Now the city is looking at mixed-use development to lure more people into its downtown, by working with developers to provide retail on the ground level and housing on upper levels. “Right now, we don’t have a lot of downtown living,” Smith-Sigman said. “If we are trying to create a vibrant, urban space downtown, we need a community of people who want to live in downtown. We don’t have that option really at all – just a few apartments in older historic buildings.”
In 2014, Destination Caldwell brought in Roger Brooks, an Arizona consultant who specializes in “turning communities into destinations.” Central to that, and crucial to slowing the leakage of locally earned money to communities such as Boise and Nampa, is creating a vibrant downtown Caldwell, he said.
“In downtowns, the ground floor should be primarily for restaurants and retail,” Brooks said. “The upper stories can be offices and condominiums. It doesn’t mean you can’t have a law office on the ground floor, but it should be retail-oriented.”
Plus, that retail needs to follow the “10-10-10 rule.” According to Brooks, a successful mixed-use development needs to have three things, within three linear blocks:
• Ten places that sell food. “I told Caldwell, if they had 30 restaurants downtown, they’d have people coming from 50 miles around.”
• Ten “destination” stores such as bookstores, galleries, and clothing stores.
• At least 10 of those 20 places have to be open after 6 pm. “Seventy percent of all consumer brick-and-mortar spending takes place after 6 pm,” Brooks said, noting that suburban malls are typically open until 9 and Walmart is open until midnight or 24 hours.
Right now, Caldwell doesn’t have that. “There’s 50,000 people in Caldwell, and downtown has three or four shops, and that’s it,” Brooks said. “Those businesses can’t survive by themselves. It’s like a mall with three stores in it.”
The city has also set its hopes on Trolley Square, a mixed-use development awarded to the Gardner Company, which also developed the Nampa Library and Boise’s Eighth & Main. Located on a single block at Ninth and Arthur, it’s intended to include four structures, including a two-story, 11-screen Reel movie theater, three retail pads, and a gathering place in the middle for mini concerts and other events, Smith-Sigman said. “It’ll be mixed use in the sense that it will have entertainment, the mini plaza, and a variety of uses,” but there could be office space on upper floors if Gardner ends up building beyond the ground floor, she said.

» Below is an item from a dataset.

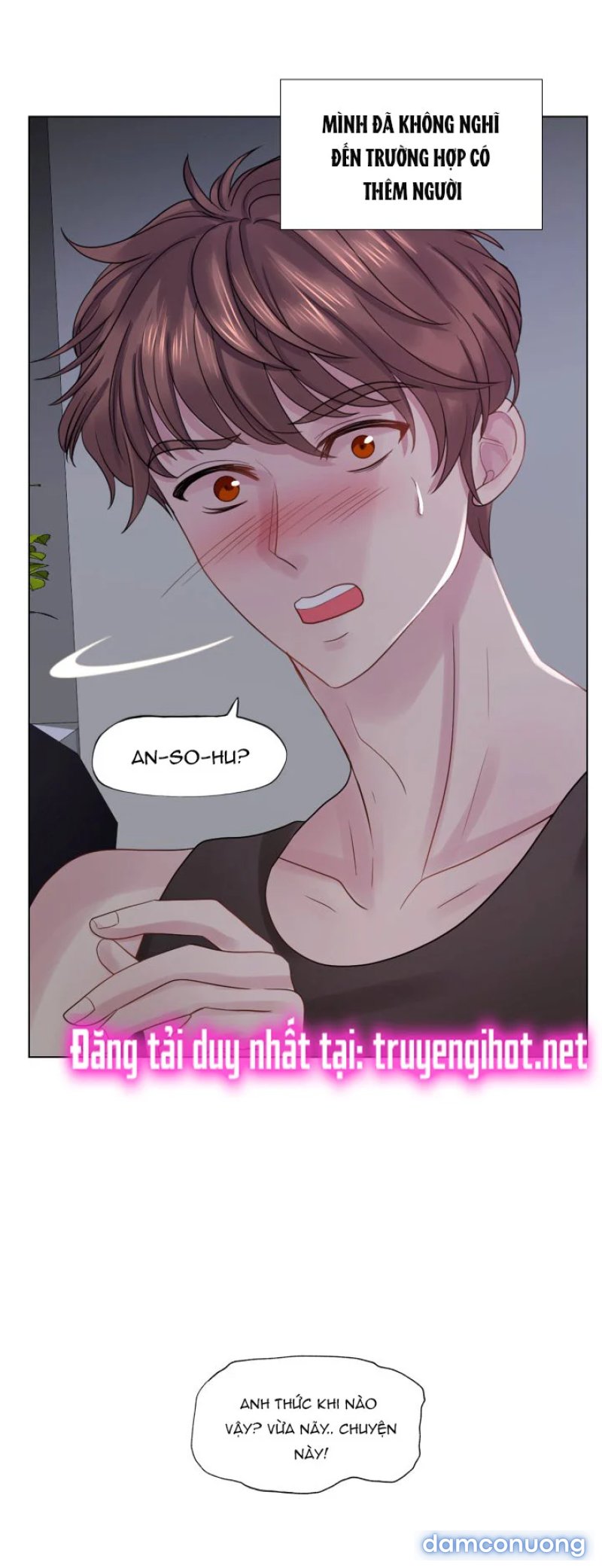 Threesome Chapter 19.3 - Page 28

Gardner – the only company that submitted a proposal — was awarded the contract a couple of months ago, with demolition of the existing buildings on the site scheduled to be completed by the end of April, Smith-Sigman said.
How will Caldwell know whether this project is the one that’ll do the trick? “At the end of the day, we want a thriving downtown again,” Smith-Sigman said. “We have a high vacancy rate downtown. If we could get that under 5 percent, that’s when I’ll be happy. I love it when people tell us we’re going to have a parking problem. We want to have a parking problem.”